An Iron Age univallate hillfort called Berisbury Camp 120m south-east of Old Lodge
Reasons for Designation
Slight univallate hillforts are defined as enclosures of various shapes, generally between 1ha and 10ha in size, situated on or close to hilltops and defined by a single line of earthworks, the scale of which is relatively small. They date to between the Late Bronze Age and Early Iron Age (eighth - fifth centuries BC), the majority being used for 150 to 200 years prior to their abandonment or reconstruction. Slight univallate hillforts have generally been interpreted as stock enclosures, redistribution centres, places of refuge and permanent settlements. The earthworks generally include a rampart, narrow level berm, external ditch and counterscarp bank, while access to the interior is usually provided by two entrances comprising either simple gaps in the earthwork or an inturned rampart. Postholes revealed by excavation indicate the occasional presence of portal gateways while more elaborate features like overlapping ramparts and outworks are limited to only a few examples. Internal features included timber or stone round houses; large storage pits and hearths; scattered postholes, stakeholes and gullies; and square or rectangular buildings supported by four to six posts, often represented by postholes, and interpreted as raised granaries. Slight univallate hillforts are rare with around 150 examples recorded nationally.
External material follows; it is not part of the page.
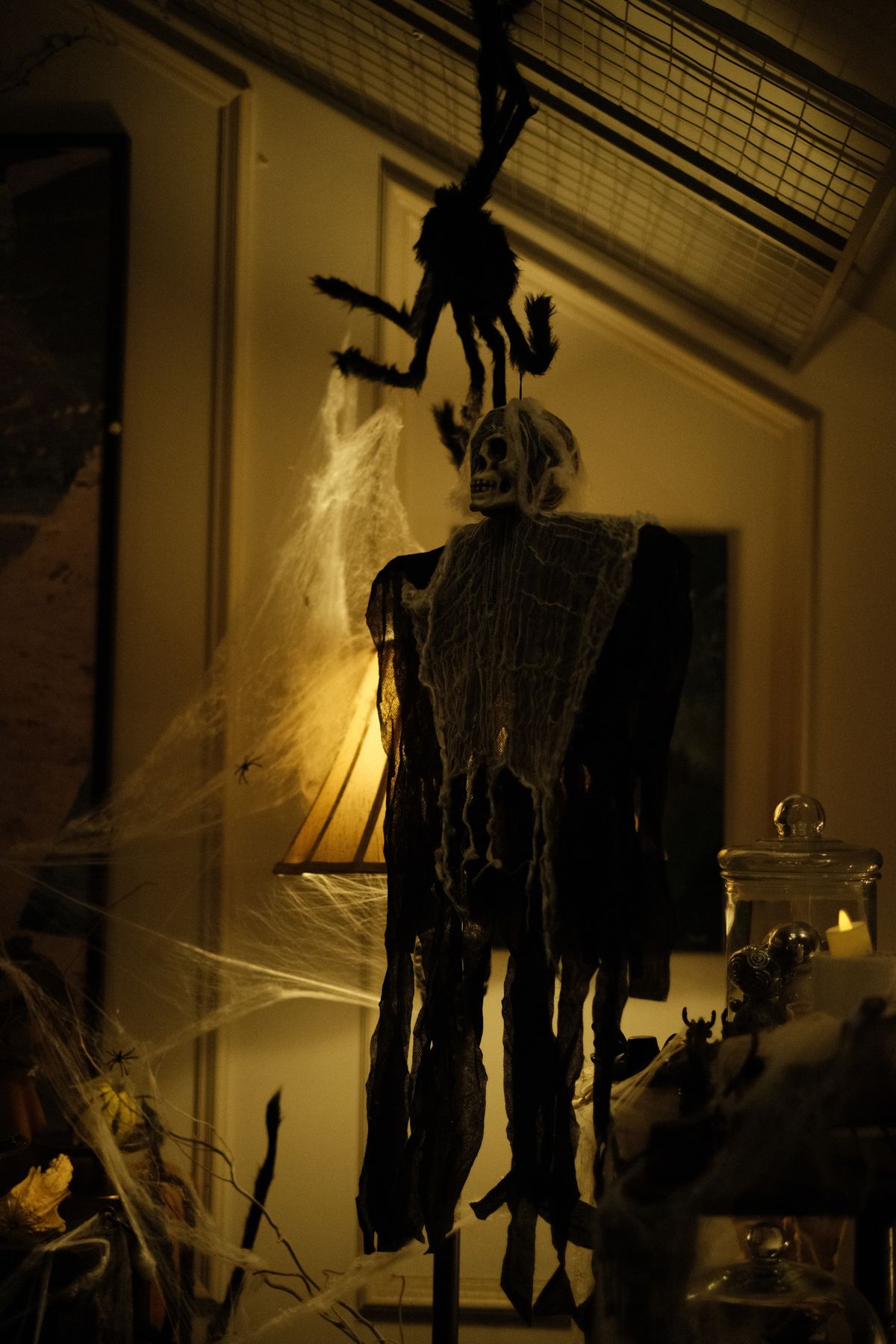 Spooky skeleton Halloween decoration with cobwebs on a mantel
Although on a national scale the number is low, in Devon they comprise one of the major classes of hillfort. In other areas where the distribution is relatively dense, for example, Wessex, Sussex, the Cotswolds and the Chilterns, hillforts belonging to a number of different classes occur within the same region. Examples are also recorded in eastern England, the Welsh Marches, central and southern England. In view of the rarity of slight univallate hillforts and their importance in understanding the transition between Bronze Age and Iron Age communities, all examples which survive comparatively well and have potential for the recovery of further archaeological remains are believed to be of national importance.
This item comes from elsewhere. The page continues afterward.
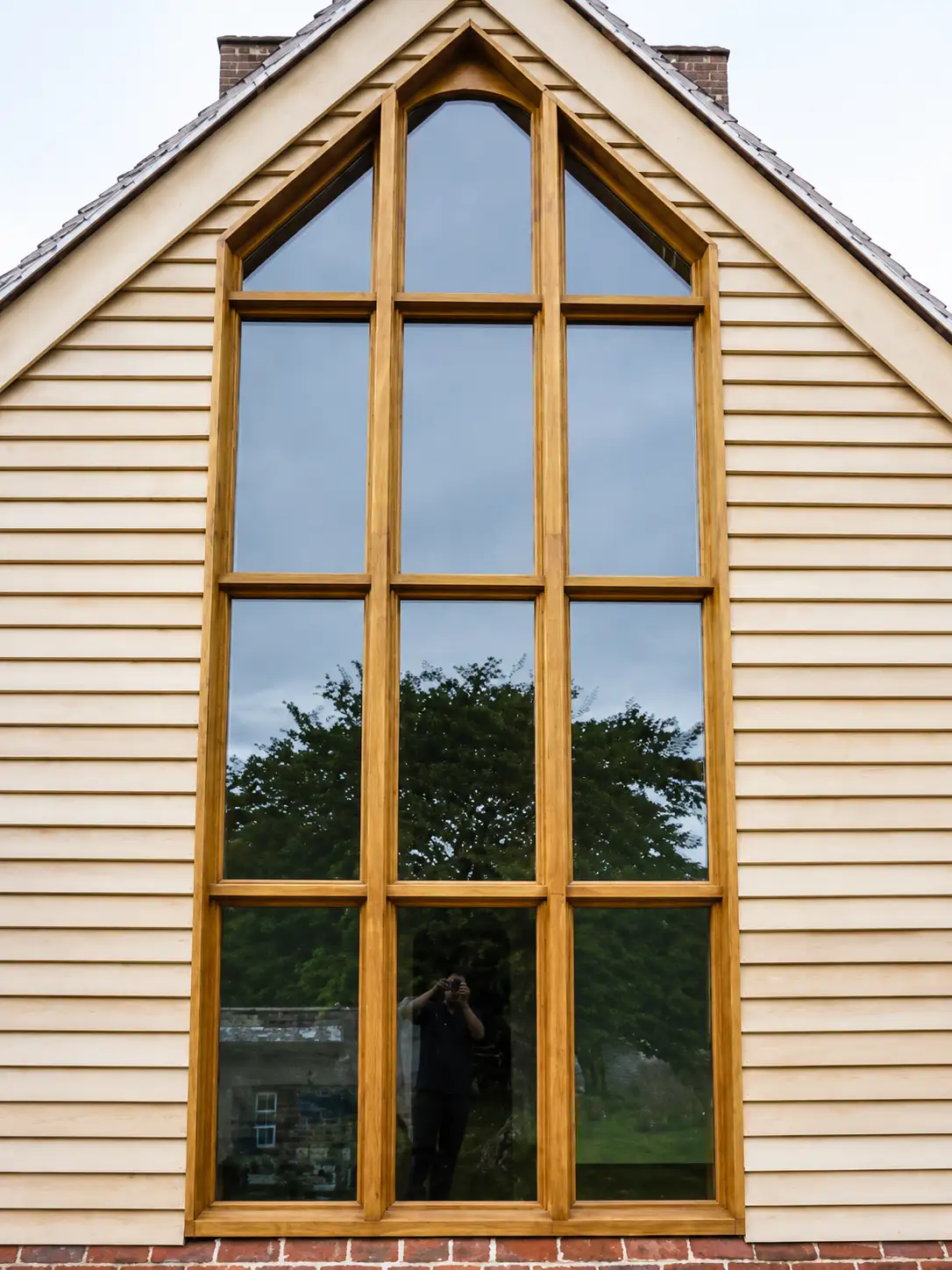 Full-height oak-framed multi-pane apex window in a cream weatherboard gable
Despite damage to the earthworks by later activity such as chalk quarrying, the Iron Age univallate hillfort called Berisbury Camp survives well and is a good example of its type. The site holds potential for archaeological investigation, which will enhance our understanding of this class of monument. It will contain archaeological and environmental information relating to the construction and occupation of the hillfort, as well as the landscape in which it was constructed.
This record was the subject of a minor enhancement on 18 June 2014. The record has been generated from an "old county number" (OCN) scheduling record. These are monuments that were not reviewed under the Monuments Protection Programme and are some of our oldest designation records.
The monument includes an Iron Age univallate hillfort, known as Berisbury Camp, in three separate areas of protection surviving as earthworks and below-ground remains. It is situated on a chalk ridge south-east of Conholt Park and commands views over valleys to the north-east and south-west.
The hillfort is oval in shape and encloses an area of 1.7 hectares (4.2 acres). The earthworks include a bank and external ditch, which together are about 17m wide. The ditch is approximately 1m deep and the bank is 1.3m high above the interior and 2.8m above the bottom of the ditch. However both the bank and ditch have been levelled in places and mutilated by later chalk workings, particularly at the north. On the west side of the hillfort there is a berm between the bank and ditch. This may be because the original bank has been partly levelled and replaced by a later, and slighter, boundary bank. An interruption in the bank and ditch at the east of the enclosure may indicate a possible causewayed entrance. There are also breaks in the earthworks at the north-east and south-west although it is not clear to what extent these are original features or the result of later activity. The hillfort is cut by Hungerford Lane, this part of which is aligned on the course of a Roman Road, running north-west to south-east. The road is not included in the scheduling as it has not been assessed.